There is no finer example of modern civic lunacy than the noble art of pavement parking.

Once, the pavement was a sacred place, a realm for pedestrians, prams, and the occasional dog with urgent business. Now? Now it is a gauntlet, an assault course devised by suburban sadists armed with Ford Mondeos and a complete lack of spatial awareness.

The principle is simple: if you own a car, you may deposit it wherever you like, so long as at least 50% of it remains attached to the road. The other 50%—often the bulkiest, muddiest half—is thrust indignantly onto the pavement, leaving a space so narrow that even a malnourished ferret would struggle to squeeze through.

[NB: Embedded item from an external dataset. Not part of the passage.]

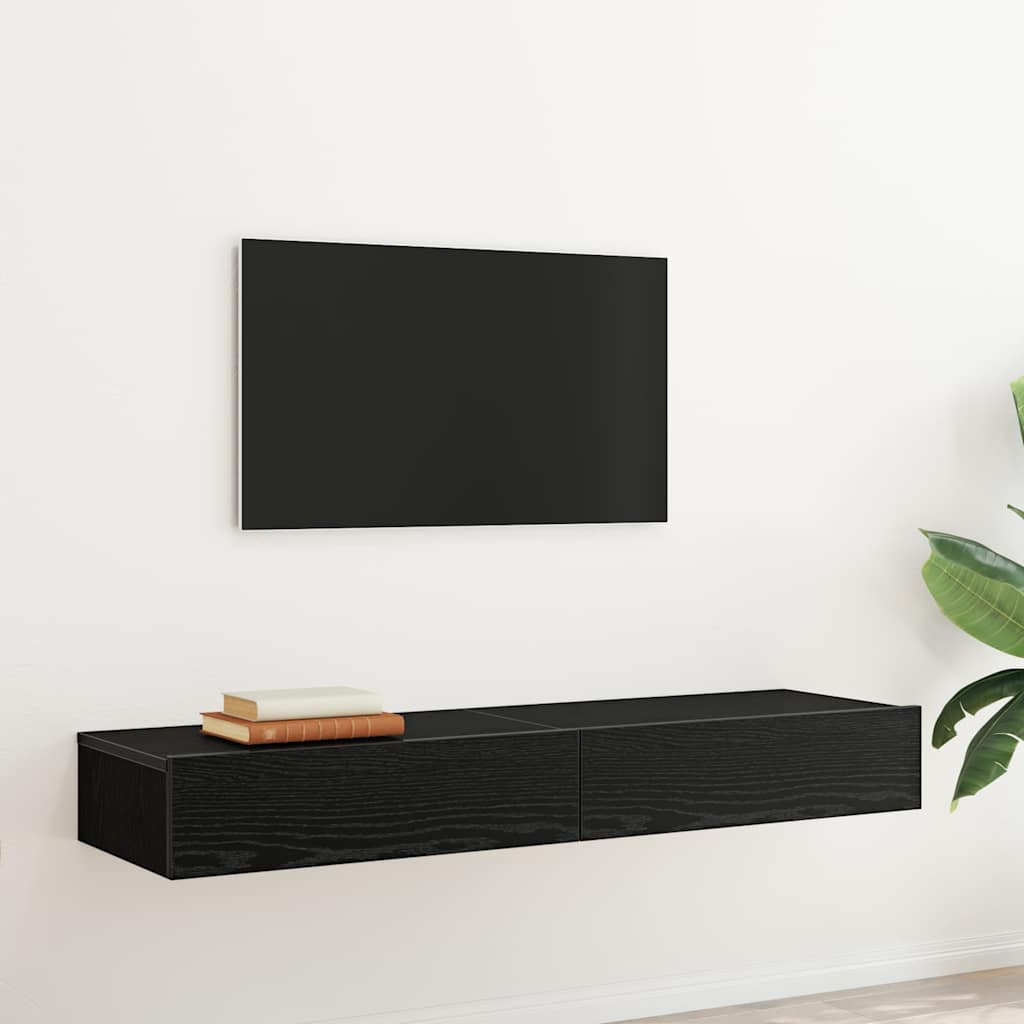 TV Cabinets with LED Lights 2 pcs Black Oak 60x35x15.5 cm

Of course, motorists will defend this practice with great sincerity. “Where else am I supposed to park?” they wail, as if the very suggestion of a designated parking area is the ravings of a madman. “The road is too narrow!” they continue, blithely ignoring the fact that it is only narrow because every available inch of it has been colonised by their own beloved automobiles.

And so, the humble pedestrian must navigate this perilous landscape. Elderly citizens find themselves forced to step into oncoming traffic, mothers with pushchairs develop the dexterity of Olympic gymnasts, and anyone in a wheelchair simply has to accept their fate and take up residence at the nearest impasse.

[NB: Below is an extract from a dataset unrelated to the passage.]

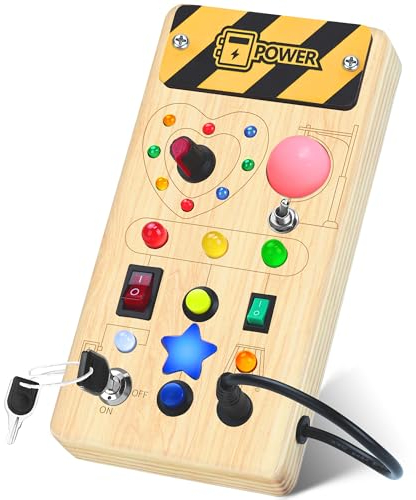Montessori Busy Board Activity Board ab 1 Jahr Montessori Holzspielzeug mit 8 Schalter 15 LED Lichtschalterspielzeug Sensorisches Lernspielzeug für Kleinkinder Geschenk Jungen und Mädch ab 1 2 3 Jahr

The worst offenders, of course, are those who, in a fit of unbridled civic responsibility, leave a precise two-inch gap between their car and a brick wall, as if convinced that the average pedestrian is a two-dimensional being capable of flattening themselves like a cartoon character. They will then emerge from their front doors, see you struggling to edge past like an overweight crab, and offer a benevolent nod as if to say, “There you go—plenty of room.”

The only possible retaliation is to adapt. Pushchairs must be fitted with hydraulic lifts, walking sticks should come with extendable grappling hooks, and pedestrians must adopt the litheness of a cat burglar, leaping over bonnets and slithering under exhaust pipes in an ongoing battle for the right to move freely. Either that, or we take a leaf out of the motorists’ book and simply abandon all pretence of civility, walking straight over any vehicle that dares encroach upon our sacred footpaths. If they can treat the pavement like a car park, why can’t we treat their car like a pedestrian walkway?

But no, that would be considered unreasonable. Unlike, say, forcing every person on foot to squeeze past a Nissan Qashqai wedged into the last available scrap of oxygen.

One day, perhaps, pavements will be returned to the people. Until then, we must accept our new reality: the daily suburban obstacle course, brought to us by the twin forces of laziness and bad parking.